At this point in my life, bikes have become foreign to me; I haven’t touched one since middle school. Growing up in a suburban neighborhood, bicycles were just used to run around for fun up and down the residential streets. They never crossed my mind as a viable means of transportation.
I am from Puerto Rico, whose transportation system can best be described as an exacerbated version of the United States’ suburbia. Despite being a small island, 100x35 miles, it has one of the highest rates of vehicles per capita: 614 per 1000 people, higher than the United States (Syrowik, 2017). With 2/3 of the whole island’s population living in the metropolitan area of San Juan, traffic jams on our way to school every morning was a given. I drove a car to literally everywhere, and my house has a Walk Score of 11. Bus systems are stuck in traffic almost everywhere, though I have seen some bus lanes around certain parts of the metro area. In my 18 years of growing up in Puerto Rico, I got on a public bus two times, both for a field trip. The buses are old, dirty, unreliable, and inefficient. Basically, everything that people think the MARTA bus system is but isn’t, Puerto Rican buses are. A heavy rail “Tren Urbano” was built in the last decade as a political show. It connects business, education, and retail centers, but serves no large population corridors. I rode on it once as a kid during its free trial period, but looking at online pictures now, I am reminded of how pretty of a system it is. The entire system is fully automated.
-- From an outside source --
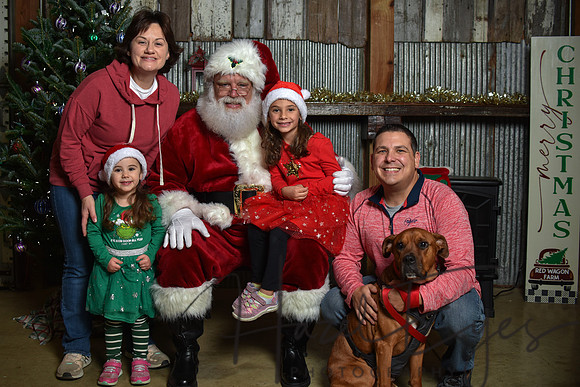 2023 Santa Pics at the Farm 12092023-102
Last Spring, I studied abroad at GTL, forever changing the way I viewed public transportation. Each new city I visited was an amazing experience exploring their transit system. In Paris, a car is virtually useless; everywhere is within reach of the trains. In Munich, whole cities exist underground at each U-bahn stop, complete with stores and grocery shops selling fresh food. In Copenhagen, whole bridges and neighborhoods are reserved for bicycles and buses only. In Barcelona, the beach connects to the mountains with a beautiful system that connects you to all of Gaudi’s works. In Berlin, far-flung suburban neighborhoods are stitched together by an amazing web of trains. But in The Netherlands? I don’t know! I didn’t get to go there that semester, which is why it’s going to be amazing to go there now!
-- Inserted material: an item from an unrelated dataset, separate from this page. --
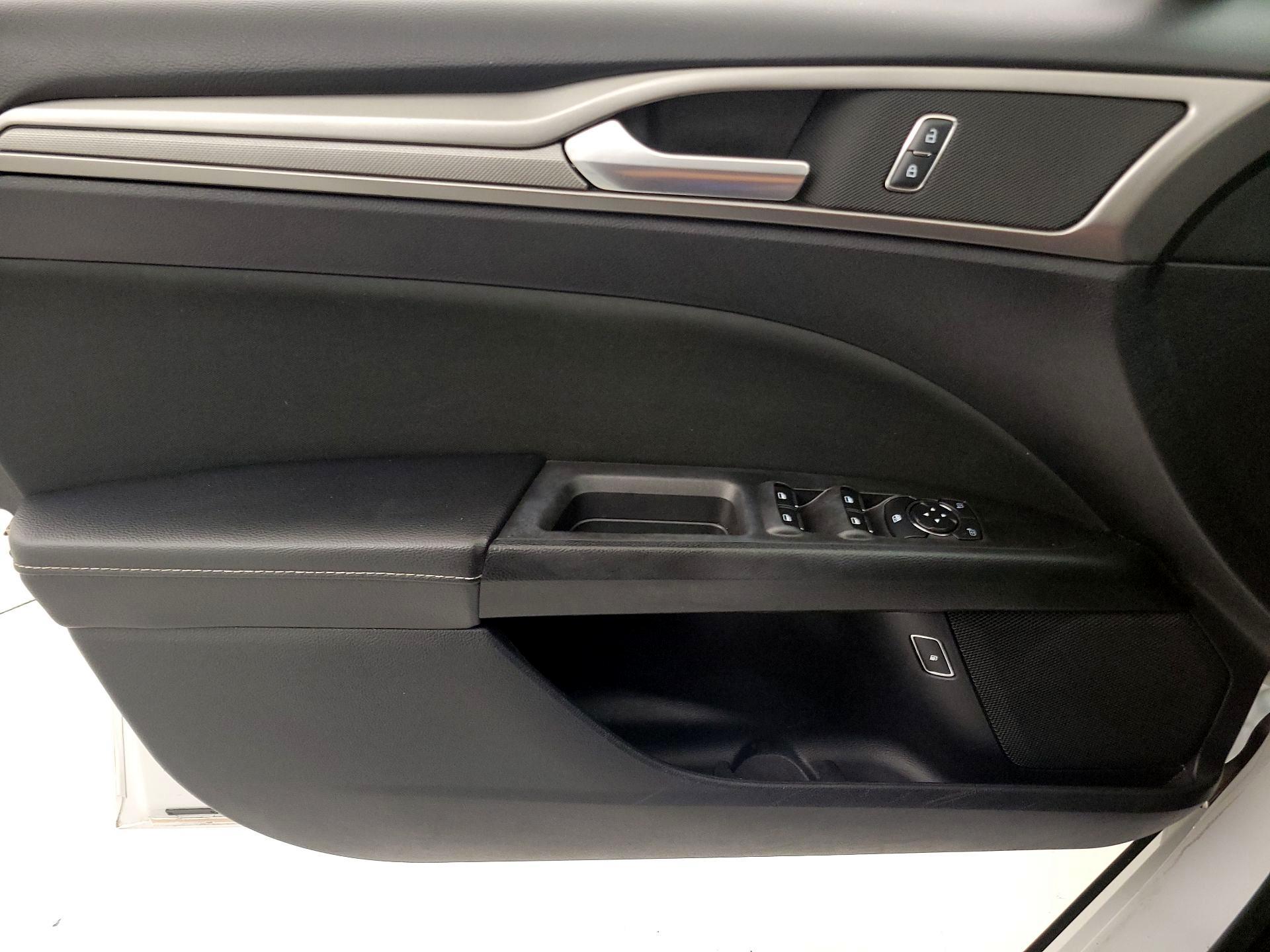 Thumbnail: 2018 Ford Fusion - 12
Before I took CEE 4610 last semester, I was very much a public transportation-oriented fellow: mass transit was the only solution to our problems. Unfortunately for Dr. Rodgers, Dr. Watkins did a great job of explaining that the solution really lies in getting people out of their cars. This can be done through a combination of not only great mass transit planning, but also investing in bike and pedestrian infrastructure to get more people active during their commute. The goal is the same, the approach is more multimodal and wholistic in thought. I hope to learn a lot of things from my Netherlands trip, but what I really want to learn is how they’re so effective, as a whole society, in eschewing motor vehicles in favor of a huge bicycle system.